◆ **Source data**
-- -- --
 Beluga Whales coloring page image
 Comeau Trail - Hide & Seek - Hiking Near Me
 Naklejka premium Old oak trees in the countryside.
-- -- --
◆ **Work required**
Exactly as it stands, output the whole listing.

◆ **Solved exercise**
 Beluga Whales coloring page image
 Comeau Trail - Hide & Seek - Hiking Near Me
 Naklejka premium Old oak trees in the countryside.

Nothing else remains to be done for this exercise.